In a corporate transaction, whether it be shares or assets, the buyer may seek forms of contractual protection by way of Warranties and Indemnities. The buyer will require the seller to include these within the share or asset purchase agreement. This article will discuss why including Warranties and Indemnities will be of benefit to the buyer in mergers and acquisition transactions.
Why does a Buyer need them?
The principle of caveat emptor (let the buyer beware) applies, which places the responsibility on the buyer to gather as much information as possible on the condition of the target company. This is known as a due diligence exercise. English law will not generally afford the Buyer any protection on the purchase, so the due diligence needs to be carried out thoroughly. The information provided from the due diligence exercise will ultimately give the buyer an understanding of the value of the business and can agree on a price with the seller.
The buyer will seek protection using warranties and indemnities and in turn, the seller will attempt to limit their liability by disclosing as much information as possible.
What are Warranties?
A warranty is a statement made by the seller as to the condition of certain aspects of the business.
During the due diligence exercise into the business, the buyer will find relevant information as well as further information that may be provided from the warranties given by the seller in the sale and purchase agreement. In conjunction with the warranties, the seller will prepare a disclosure letter, which will set out general and specific disclosures regarding the warranties given.
An example could include where the seller is asked to give a warranty that the business is not subject to any legal dispute. The seller would include the details of any relevant disputes in the disclosure letter and therefore the buyer will have no right to claim damages in relation to the disputes that have been disclosed.
What are Indemnities?
Indemnities are for known and specific matters but fall outside the buyer’s responsibility. An indemnity promises to reimburse the buyer should a particular liability arise and does not allow the seller “off the hook” by making disclosures to the buyer.
For example, if X indemnifies Y for loss suffered because of a particular event, then, should that event occur, X should reimburse Y for the loss suffered. Indemnities can be used in circumstances where a breach of warranty may not necessarily give rise to a claim in damages.
One of the benefits of an indemnity is that the buyer has no obligation to mitigate its loss compared to a warranty.

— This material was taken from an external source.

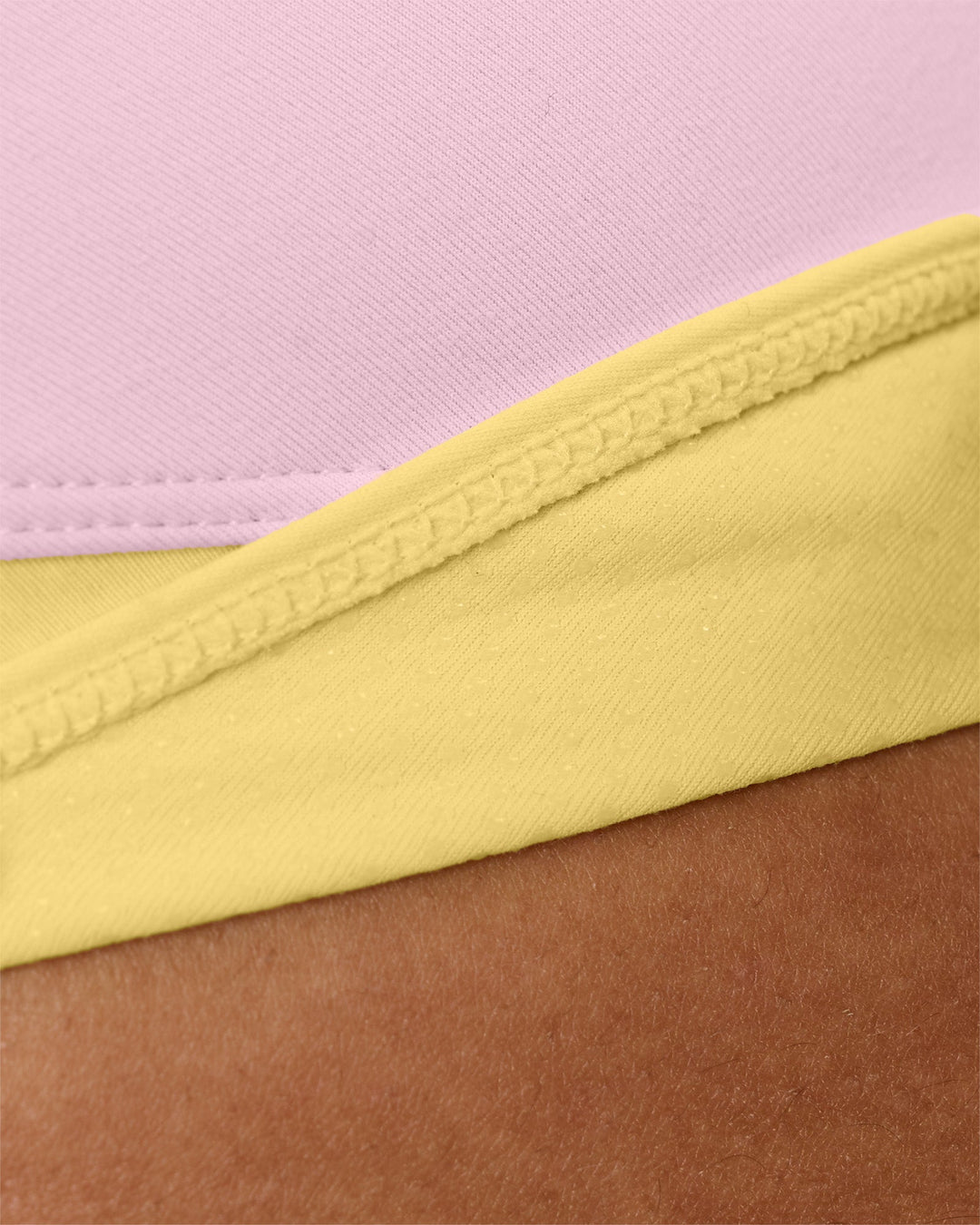 Woman wearing Turbo Track Brief in Marshmallow-Lemon | Model:Txai | Size:XS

What is the difference between them?
In simple terms, warranties protect against the unknown and indemnities allocate risk in respect of a known liability. An award of damages for breach of warranty aims to put the claimant in the position it would have been in had the warranty been true, subject to the usual contractual rules. The indemnity operates to protect a risk that may or may not materialise and will compensate the buyer pound for pound for a specific loss.